• _Problem description_
Transcribe each line of the material as it is, and drop any picture.

• _Extracted material_
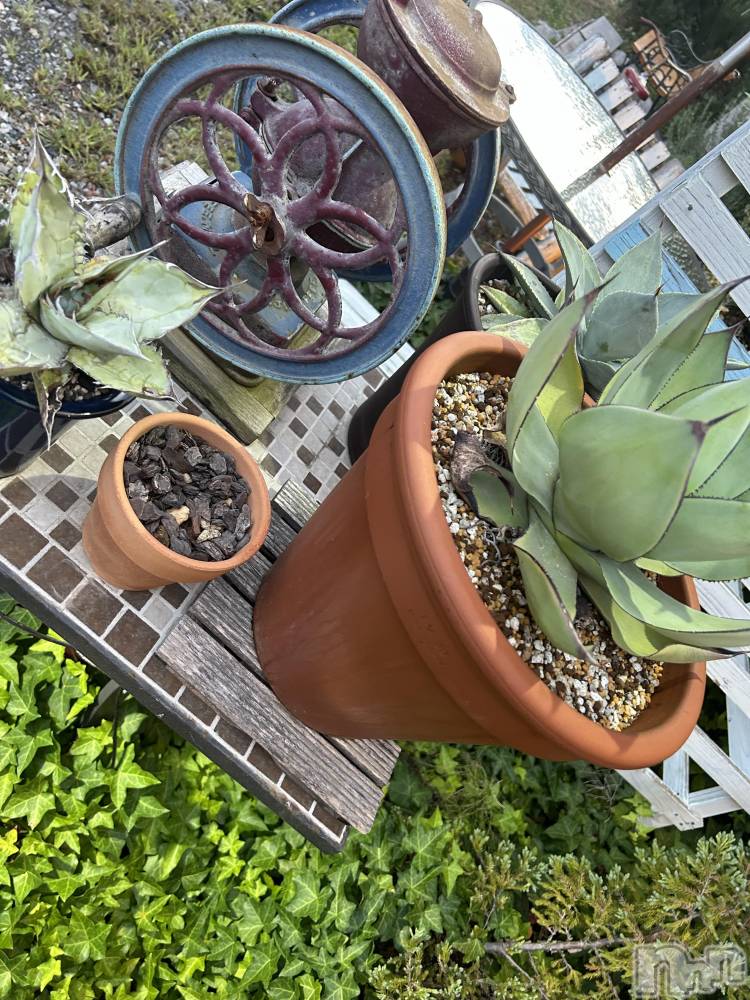 ��ˬ����Х��顦����֥���� �ץ���� ��ˬ(����� �ץ���� ����) �̰� �椤��11��29���̥�֥�����♡♡��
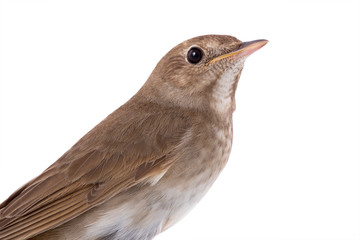 portrait nightingale isolated on white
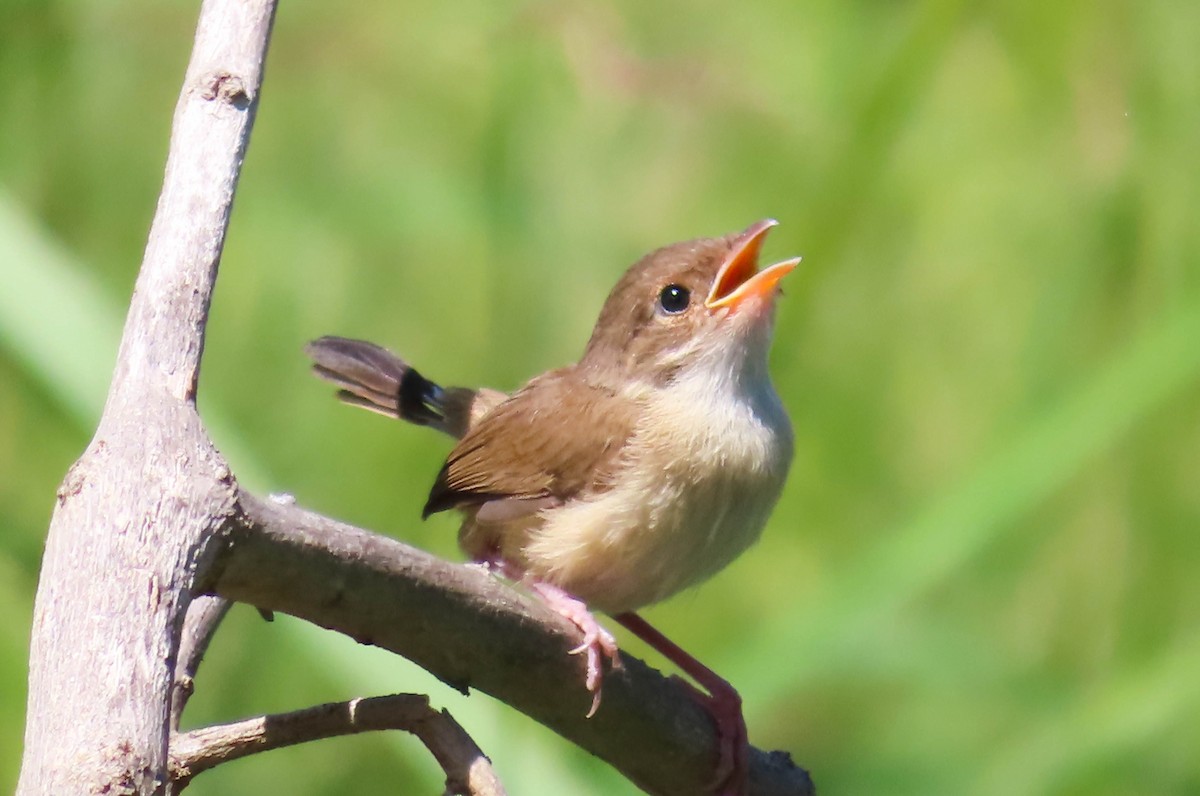 Red-backed Fairywren - ML307402361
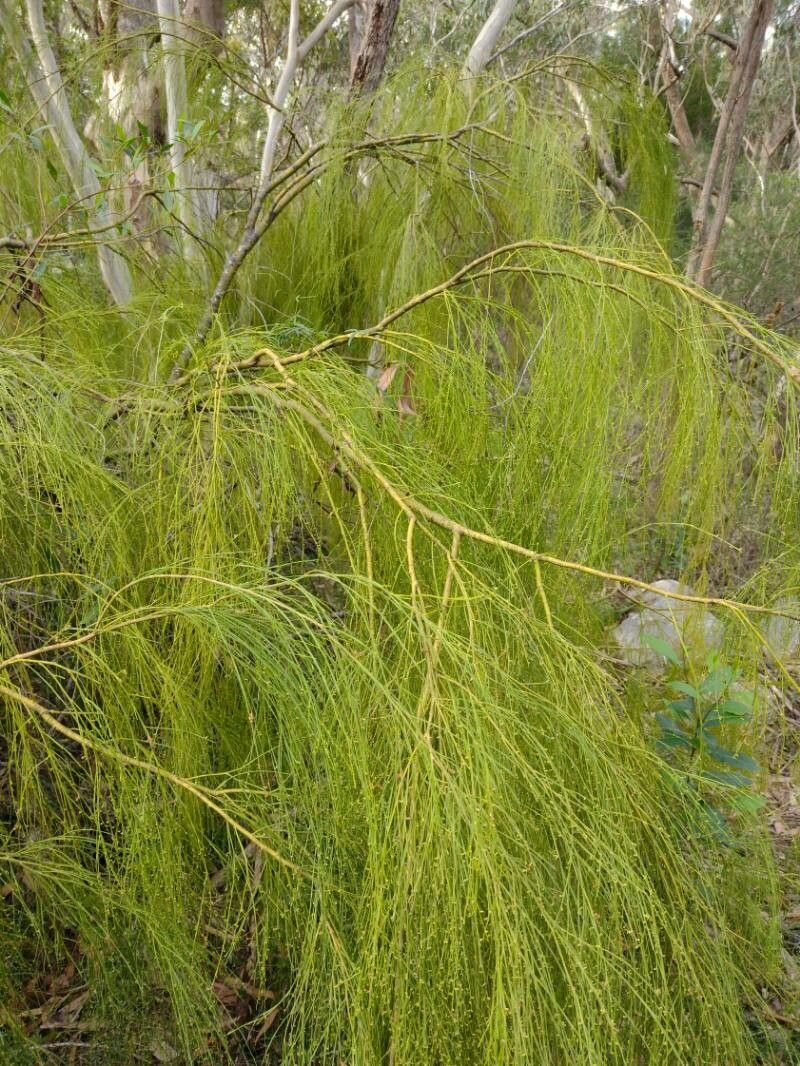 Exocarpos strictus habit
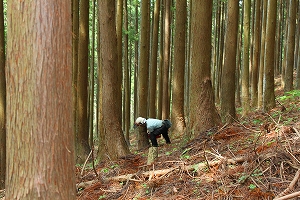 間伐の画像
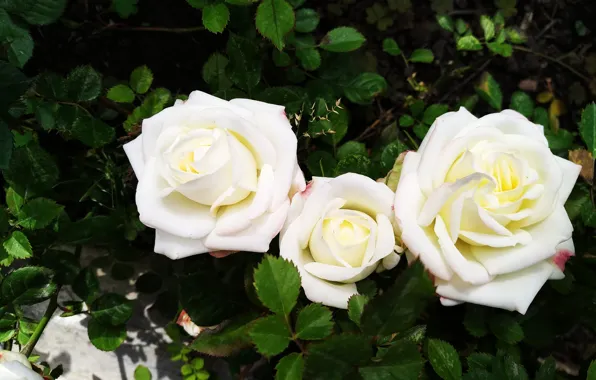 Розы, Roses, White roses, Белые розы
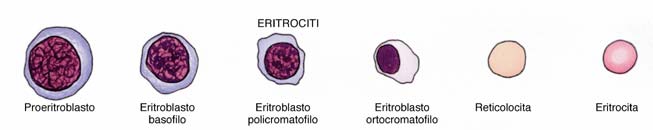 eritrocitopoiesi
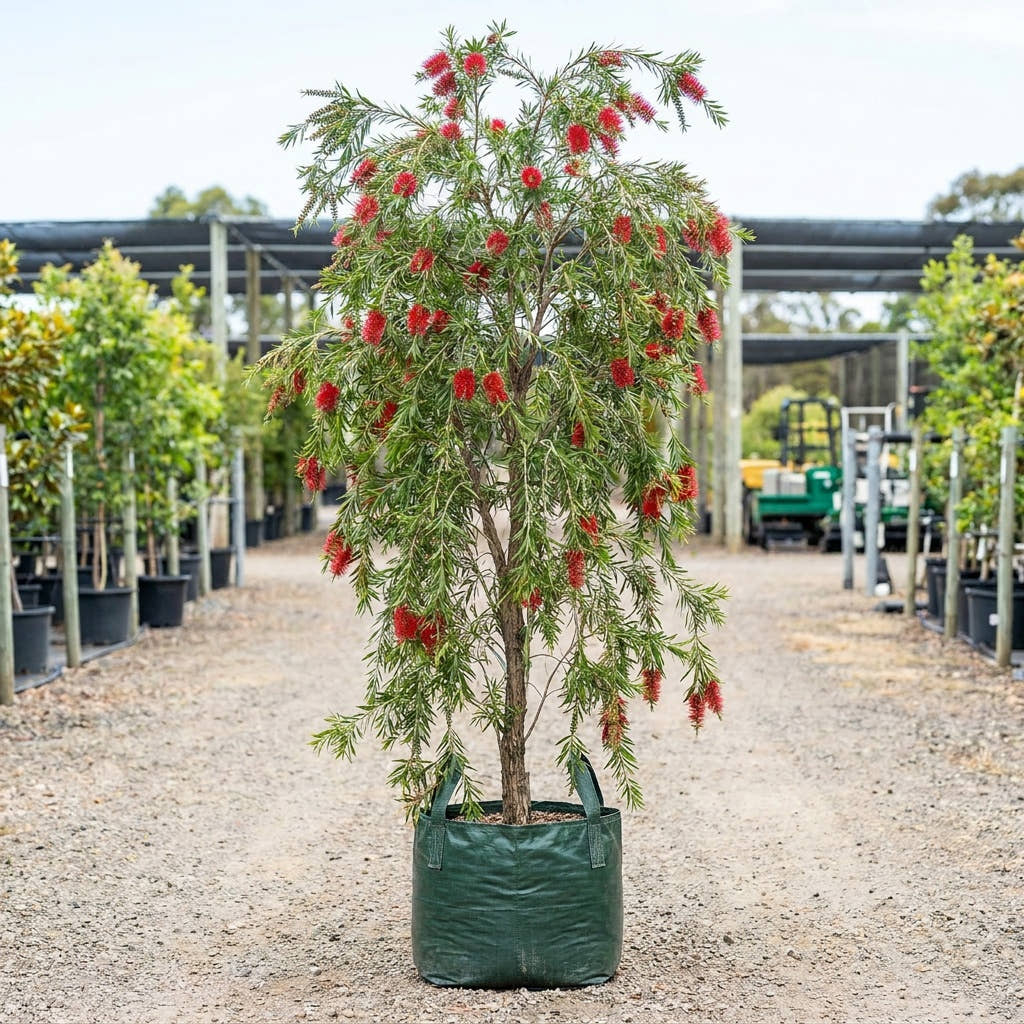 Dawson River Weeper Bottlebrush - Callistemon viminalis ‘Dawson River Weeper’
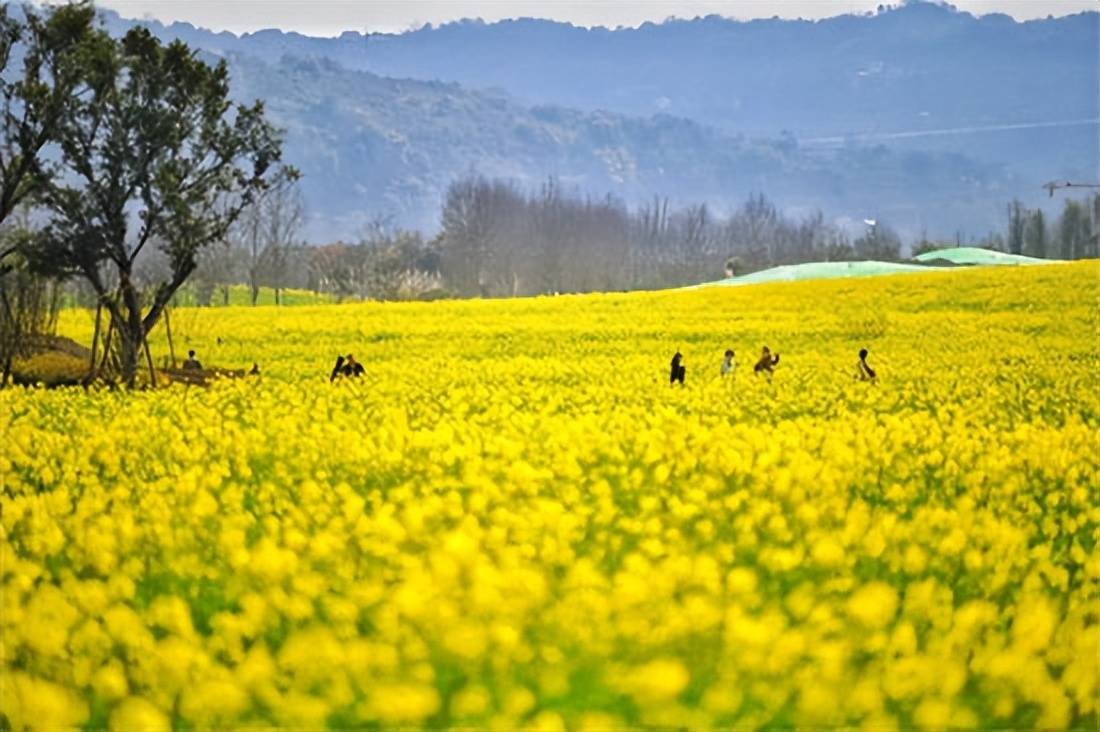 原創(chuàng)太原規(guī)模最大的油菜花即將上線，超級壯觀，提前收藏、不要錯過！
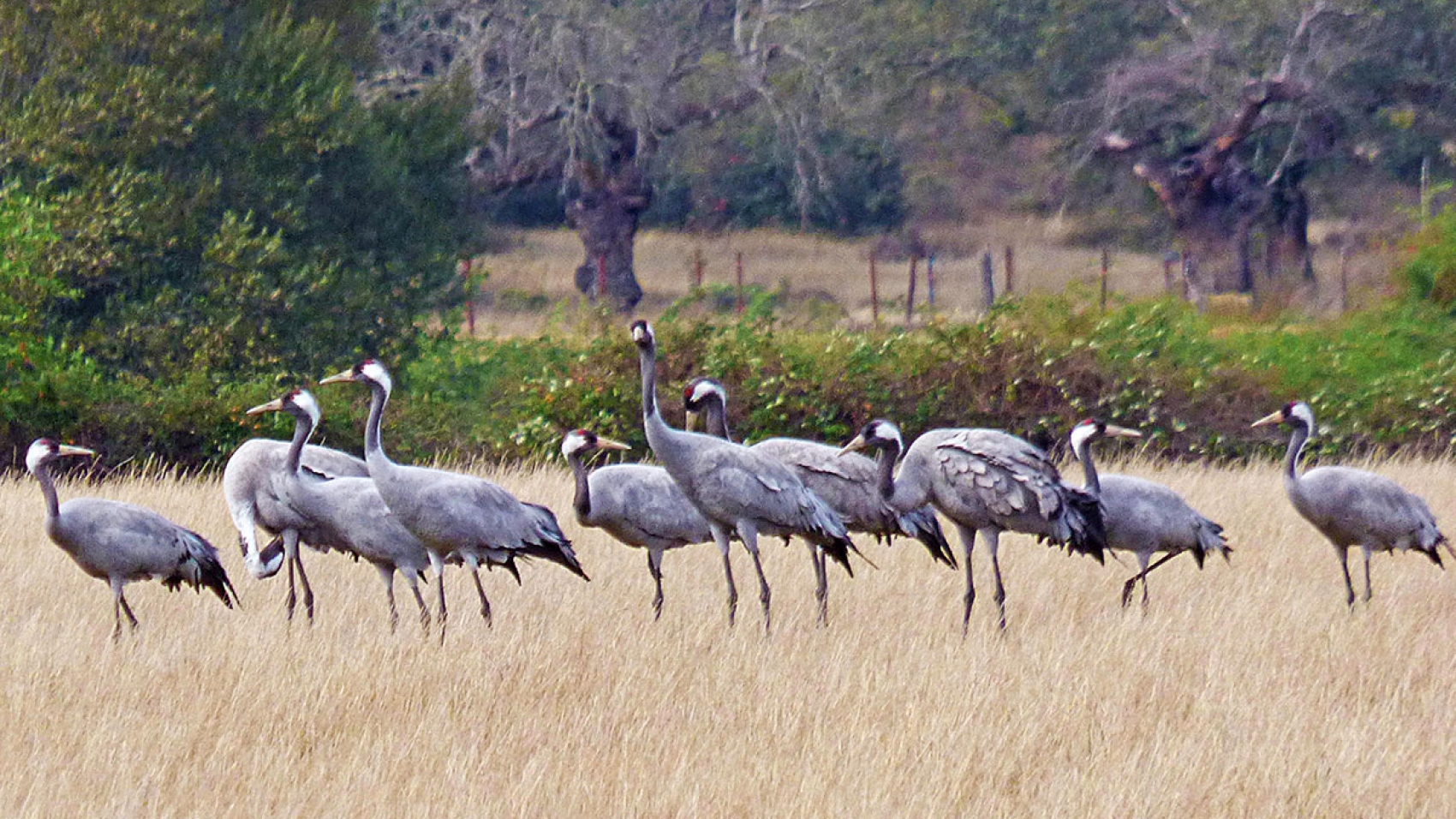 Grulla común (Grus grus)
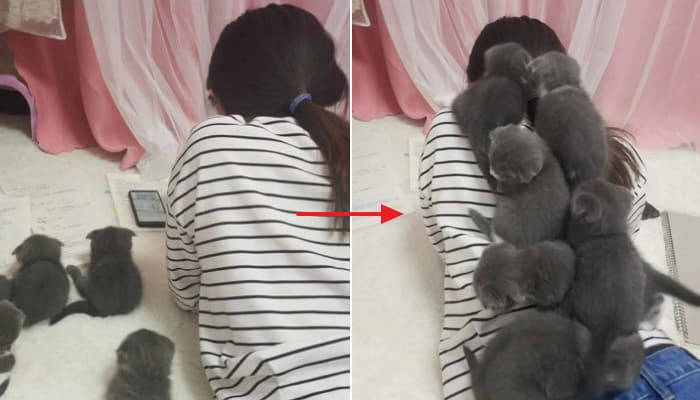 애니멀플래닛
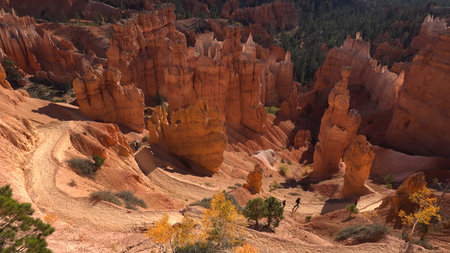 Bryce Canyon National Park at Navajo Loop Trail, Utah, USA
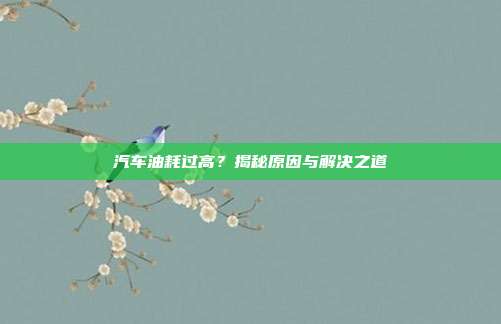 汽车油耗过高？揭秘原因与解决之道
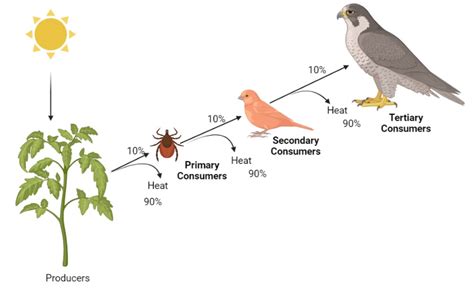 Important CBSE Class 12 Biology Diagrams with Label and Explanations ...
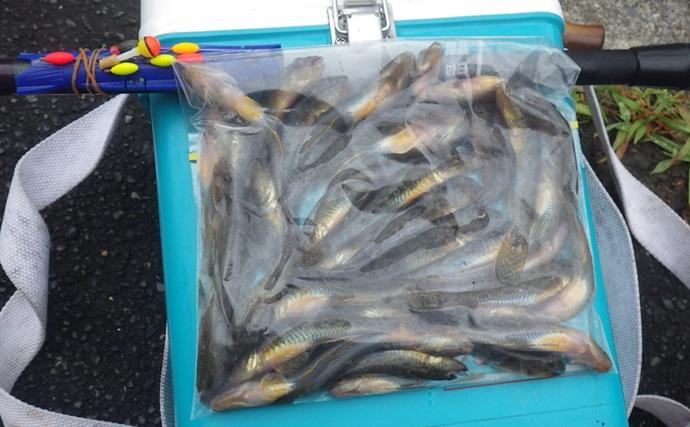 小名木川でマハゼ釣りポイントをリサーチ【東京】3ヶ所でコンスタントに本命ヒット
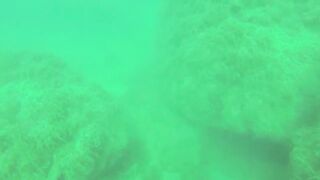 Геленджик, Толстый мыс - погружение на банку и рыбалка рядом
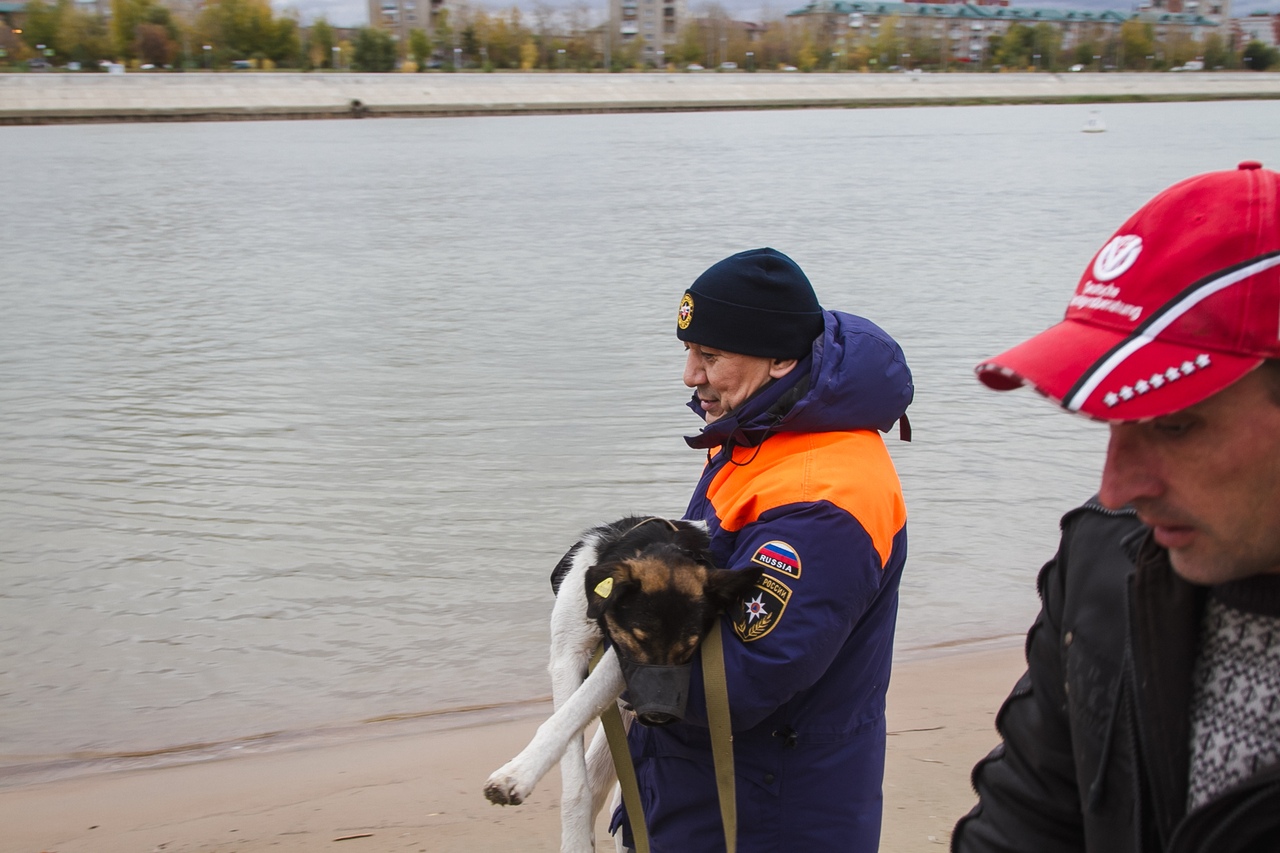 Рыбаки и дрон спасли пса, дрейфующего на льдине в открытом море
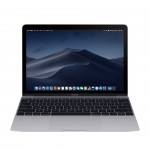 Apple MacBook 2015 12 "Intel Core 1.1 Ghz 8 GB 256GB SSD US Siderisch grijs Model A1534 Grade A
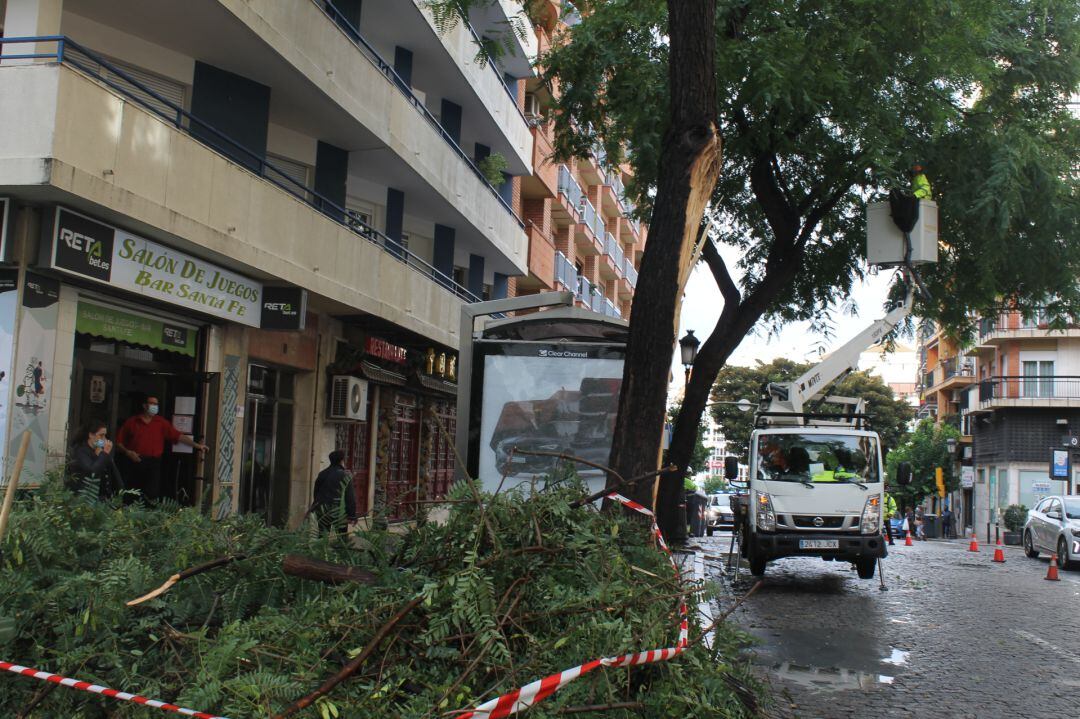 Operarios municipales trabajan para retirar los árboles caídos en la capital.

• _Answer box_
 ��ˬ����Х��顦����֥���� �ץ���� ��ˬ(����� �ץ���� ����) �̰� �椤��11��29���̥�֥�����♡♡��
 portrait nightingale isolated on white
 Red-backed Fairywren - ML307402361
 Exocarpos strictus habit
 間伐の画像
 Розы, Roses, White roses, Белые розы
 eritrocitopoiesi
 Dawson River Weeper Bottlebrush - Callistemon viminalis ‘Dawson River Weeper’
 原創(chuàng)太原規(guī)模最大的油菜花即將上線，超級壯觀，提前收藏、不要錯過！
 Grulla común (Grus grus)
 애니멀플래닛
 Bryce Canyon National Park at Navajo Loop Trail, Utah, USA
 汽车油耗过高？揭秘原因与解决之道
 Important CBSE Class 12 Biology Diagrams with Label and Explanations ...
 小名木川でマハゼ釣りポイントをリサーチ【東京】3ヶ所でコンスタントに本命ヒット
 Геленджик, Толстый мыс - погружение на банку и рыбалка рядом
 Рыбаки и дрон спасли пса, дрейфующего на льдине в открытом море
 Apple MacBook 2015 12 "Intel Core 1.1 Ghz 8 GB 256GB SSD US Siderisch grijs Model A1534 Grade A
 Operarios municipales trabajan para retirar los árboles caídos en la capital.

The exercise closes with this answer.